Symposia
iHSM3 will feature multiple parallel symposia exploring diverse themes in the design, processing, characterization, and modeling of heterostructured materials.
Fundamentals of Heterostructured Materials
This symposium explores the fundamental scientific principles governing heterostructured materials, including their microstructural design, deformation mechanisms, and emergent properties arising from spatial heterogeneity. Discussions will emphasize how structural gradients, phase distributions, and interface interactions determine mechanical, thermal, and functional behavior.

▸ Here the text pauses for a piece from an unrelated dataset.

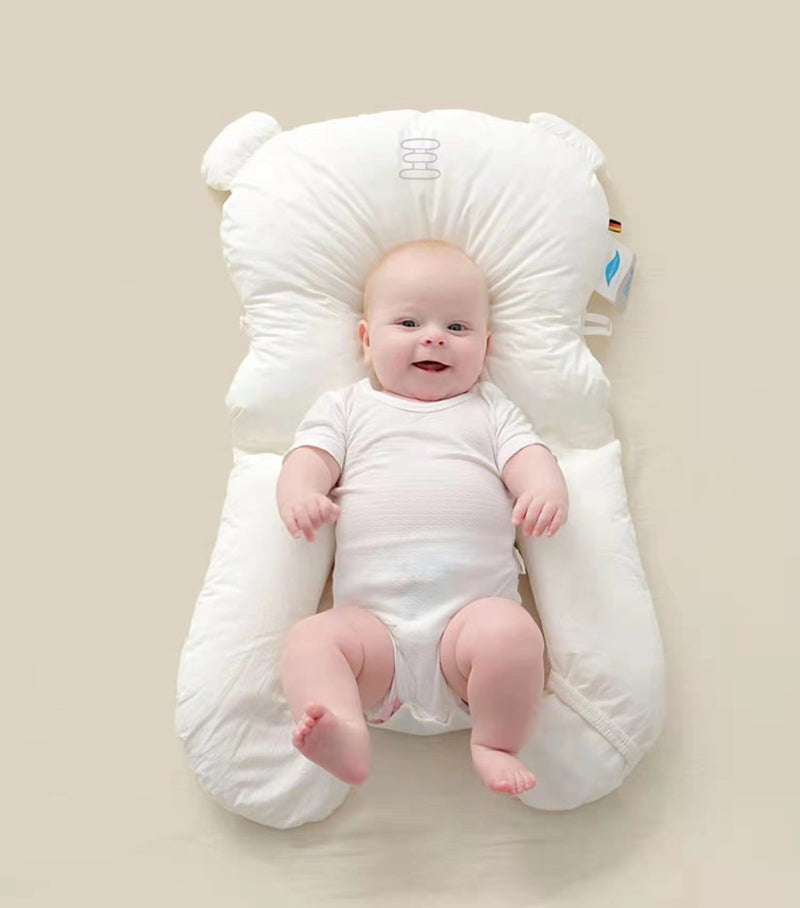 Baby Shape Soothing Pillow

Processing and Properties of Heterostructured Materials
Focusing on the interplay between fabrication methods and resulting performance, this symposium addresses advanced processing techniques—such as severe plastic deformation, additive manufacturing, and thermomechanical routes—and their influence on mechanical strength, ductility, stability, and multifunctionality. Emphasis is placed on microstructure–property relationships and scalable production strategies.
Architecture Heterostructured Materials
This symposium highlights innovative architectural design approaches for heterostructured materials, including hierarchical configurations, multimodal microstructures, and architected interfaces. Contributions will cover how controlled spatial organization enables tailored combinations of strength, toughness, fatigue resistance, and functional responses for next-generation materials systems.
Modeling and AI-Driven Design of Heterostructured Materials
Dedicated to computational and data-driven advancements, this symposium covers multiscale modeling, machine-learning frameworks, digital twins, and predictive algorithms for the design and optimization of heterostructures. Topics include mechanism-informed simulations, microstructure reconstruction, and accelerated materials discovery enabled by AI-guided workflows.
Advanced Characterization and In-Situ Observation of Heterostructured Materials
This symposium presents state-of-the-art characterization methodologies, including in-situ mechanical testing, 4D microscopy, synchrotron techniques, and high-resolution interface analysis. Emphasis is placed on real-time observation of deformation, phase evolution, and interface dynamics to clarify structure–property–process correlations.
Heterostructures for Functional Applications
Focusing on functional performance, this symposium examines heterostructured materials designed for energy storage, electronic devices, catalysis, thermal management, sensing, and multifunctional systems. Discussions explore how engineered gradients and interfaces enable improved conductivity, stability, transport behavior, and application-specific functionalities.
Dynamic Behavior of Heterostructured Materials under Extreme Environments
This symposium investigates the response of heterostructured materials under extreme conditions such as high strain rates, elevated temperatures, irradiation, corrosion, and severe mechanical loading. Presentations address failure mechanisms, rate-dependent deformation, microstructural evolution, and strategies for enhancing resilience and reliability.
Interface-Driven Phenomena in Heterostructured Materials
This symposium focuses on the critical role of interfaces in governing mechanical, physical, and chemical behavior. Topics include interface chemistry, coherency effects, dislocation interactions, phase boundaries, and emergent phenomena arising from interface engineering. Insights aim to guide interface-tailored material design for superior performance.